От монументальных декораций - к реальному интерьеру, от отстраненности и неподвижности - к естественности галантных манер, от «говорящих» атрибутов - к «проговаривающимся» повседневным практикам - так менялся характер репрезентации заказчика в портрете. Естественно, в данном случае следует говорить не об отражении взглядов художника (как видим, Иосиф ван Акен равно легко мог писать чаепитие торжественное и чаепитие камерное, чаепитие в барочной декорации и чаепитие в палладианском интерьере), а о вкусе заказчика портрета, о том способе самопрезентации, который соответствовал как его собственным представлениям, так и требованиям времени.
Примером самого интимного, домашнего чаепития в английской живописи XVIII столетия может служить картина, приписываемая Ричарду Коллинзу (Richard Collins)4, «Чаепитие» (The Tea Party, 1725).
Интерьер, в котором происходит изображаемое действие, почти не интересует автора. Он так близко подходит к своим моделям, что для изображения окружающего их пространства на полотне почти не остается места. Оно играет роль нейтрального фона, не содержащего никаких деталей и потому ничего не рассказывающего о собравшихся людях. Художник отказывается от макромасштаба, а следовательно, от традиционного способа рассказа о своих заказчиках, и оперирует только крупным и средним планом.
Вокруг чайного стола собрались члены семьи, рядом с родителями уютно устроились две маленькие девочки. И если в позах взрослых чувствуется некоторая натянутость, то дети вносят в изображение удивительную непринужденность. Камерную будничность действа, как и на полотне Иосифа ван Акена, призвана усилить домашняя одежда собравшихся: шелковый халат и колпак хозяина, фартук и лишенное украшений платье хозяйки. Р. Коллинз особенно настойчиво подчеркивает сдержанную элегантность и изящество жестов своих заказчиков.

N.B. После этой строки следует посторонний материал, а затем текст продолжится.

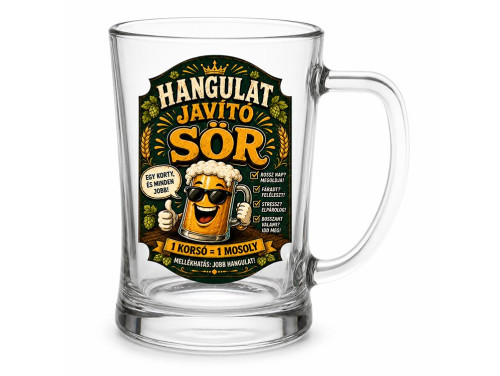 (SS391) Vicces Söröskorsó 500 ml – Hangulatjavító Sör – Humoros Ajándék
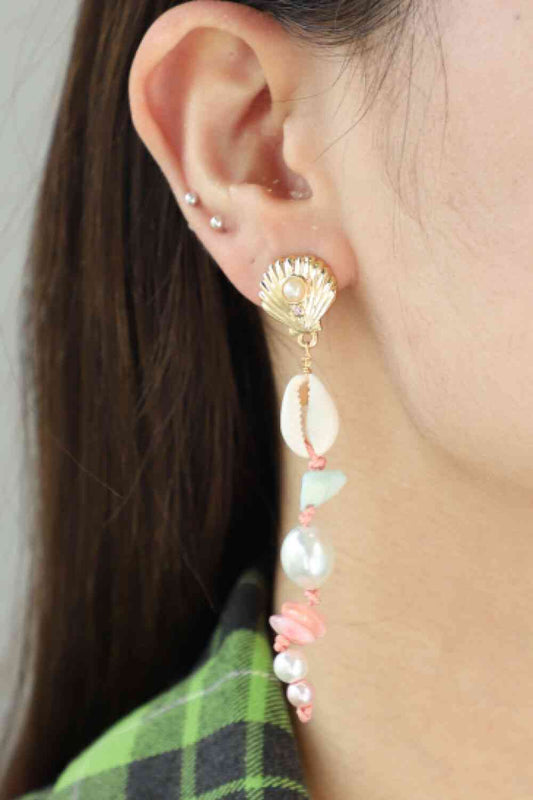 Synthetic Pearl Shell Drop Earrings - AllIn Computer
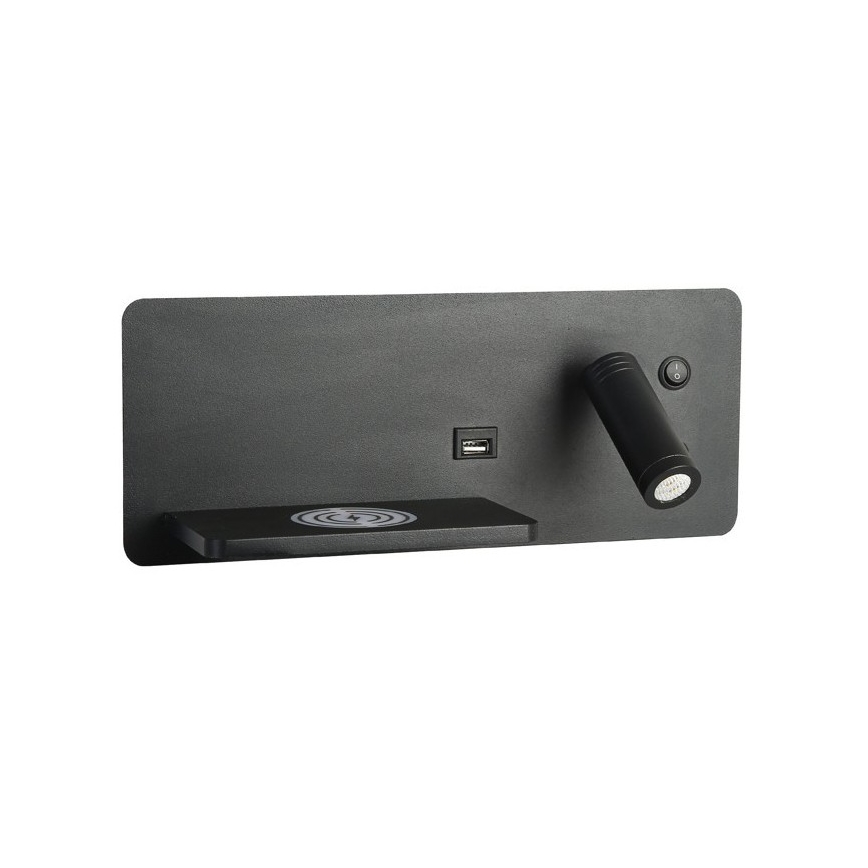 Immax 08288L - LED Faretto da parete con ripiano, porta USB e ricarica wireless Be PREPARE LED/3W/230V + LED/3W nero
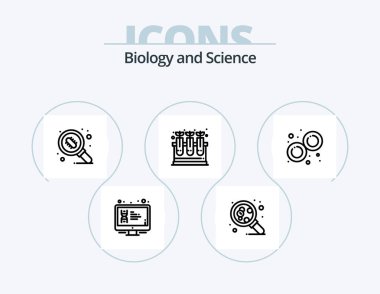 Biology Line Icon Pack 5 Icon Design. knowledge. content. jar. book. mouse
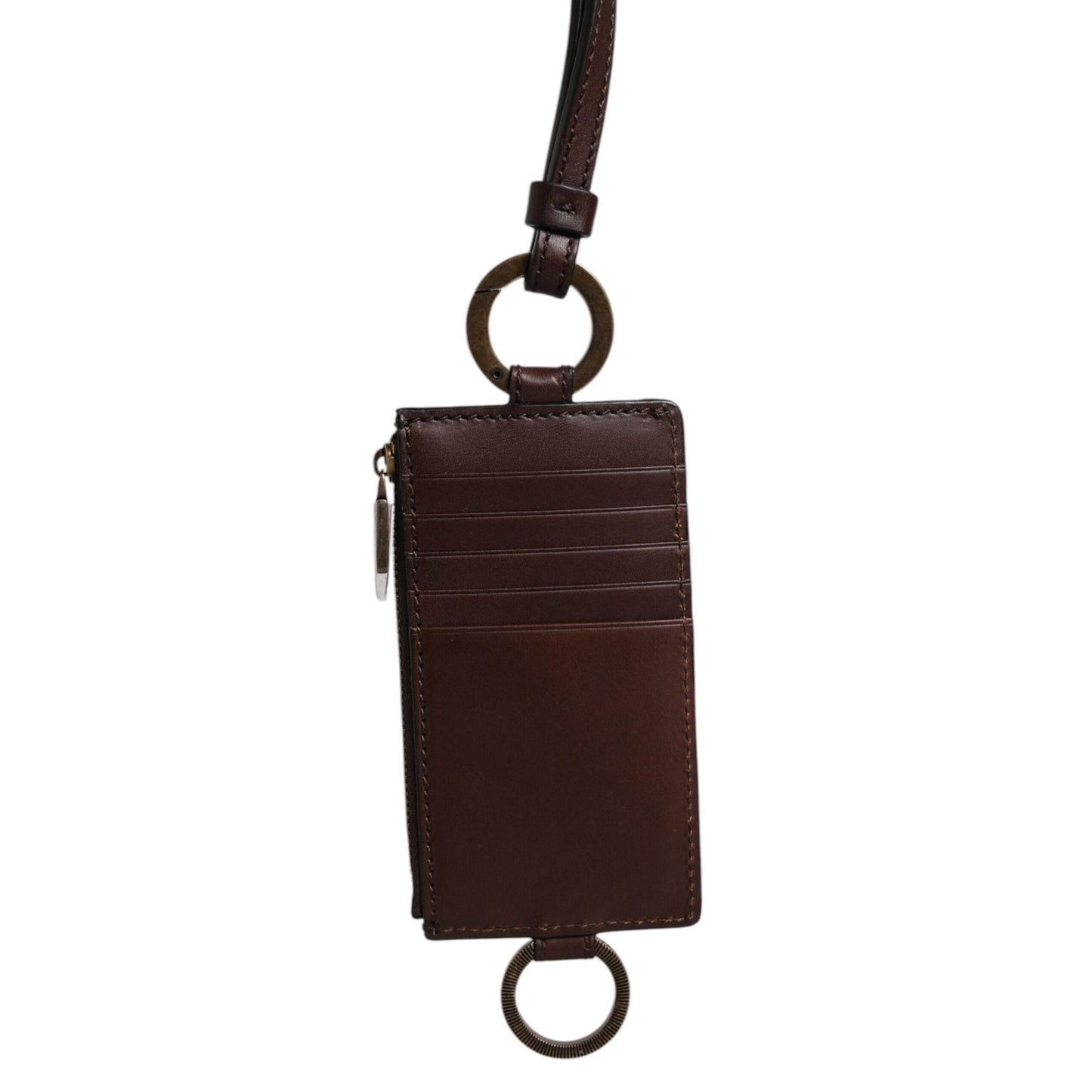 Dolce & Gabbana Brown Calf Leather Lanyard Logo Card Holder Wallet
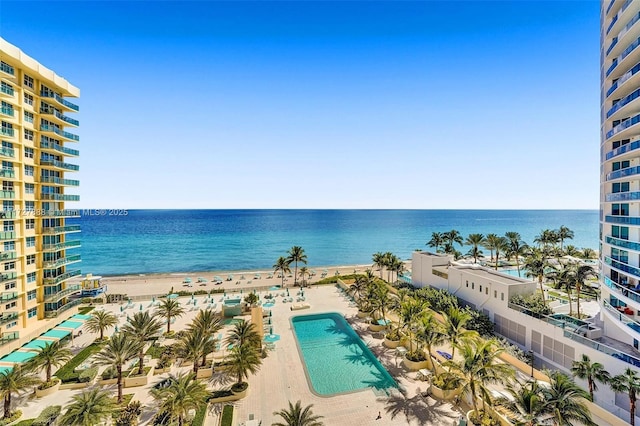 view of water feature featuring a beach view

Ричард Коллинз (?). Чаепитие. 1725
Однако главным персонажем картины являются даже не люди, а те удивительные чайные аксессуары, которые выставлены на столе. Еще недавно приборы, которыми пользовались за столом богатые и бедные люди, отличались лишь материалом и богатством отделки, их состав и функциональное назначение были практически неразличимы и, соответственно, не входили в список параметров, которые могли визуализировать социальные различия. В георгианскую эпоху ситуация коренным образом изменилась. Гастрономические практики представителей высших сословий требовали все более сложно разработанных ритуалов с участием все более разнообразных, невиданных прежде аксессуаров. По выражению современного исследователя, «застольная дисциплина, включая умение пользоваться столовыми принадлежностями, становится элементом социальной дифференциации. А сами приборы превращаются в фетиши престижа»5. И, пожалуй, нигде так не проявлялось это «творчество эпохи», как в создании многочисленных атрибутов для чайной церемонии. Серебряный набор, представленный на картине, состоит из бульотки, чайницы, сахарницы, молочника, щипчиков для сахара, нескольких блюд. Натюрморт развернут не на действующих лиц, а на зрителя: более высокие предметы стоят на заднем плане, не закрывая тех, что пониже. Такая почти выставочная расстановка неудобна для персонажей, пьющих чай, зато позволяет зрителю рассмотреть изумительную красоту каждой столь тщательно и любовно выписанной детали.
Подобное изображение было рассчитано на восприятие современников, людей близкого круга, которые могли «считать» транслируемую информацию. Картина становилась убедительным свидетельством достатка, семейного благополучия, но также, что не менее важно, свидетельством определенного, свойственного заказчикам образа жизни. Изящные манеры, врожденный аристократизм, проявляемый в любых повседневных ситуациях, становились важными характеристиками. Они указывали на социальный статус заказчика, проводили незримые социальные границы, как в предшествовавший период, эти границы проводили изображения парадных одежд и аксессуаров.
О необыкновенной популярности картины «Чаепитие» свидетельствуют ее повторения (точнее будет сказать - вариации на ее тему), выполненные то ли самим автором, то ли его подражателями6.
На картине Р. Коллинза «Семья из трех человек за чаем» (А Family of Three at Tea, 1727) вместо четырех членов семьи изображено трое, изменены позы и одежды персонажей, но практически неизменным остался натюрморт (единственное отличие- появление серебряного блюда с печеньем, которого не было на картине «Чаепитие»). Люди могут «приходить» и «уходить» из картины, их позы, жесты, одежды могут меняться - это не важно, вторично. Мир на полотне выстраивается вокруг чайного стола. В своей неизменяемости он олицетворяет устойчивый центр, вокруг которого вращается повседневная жизнь семейства.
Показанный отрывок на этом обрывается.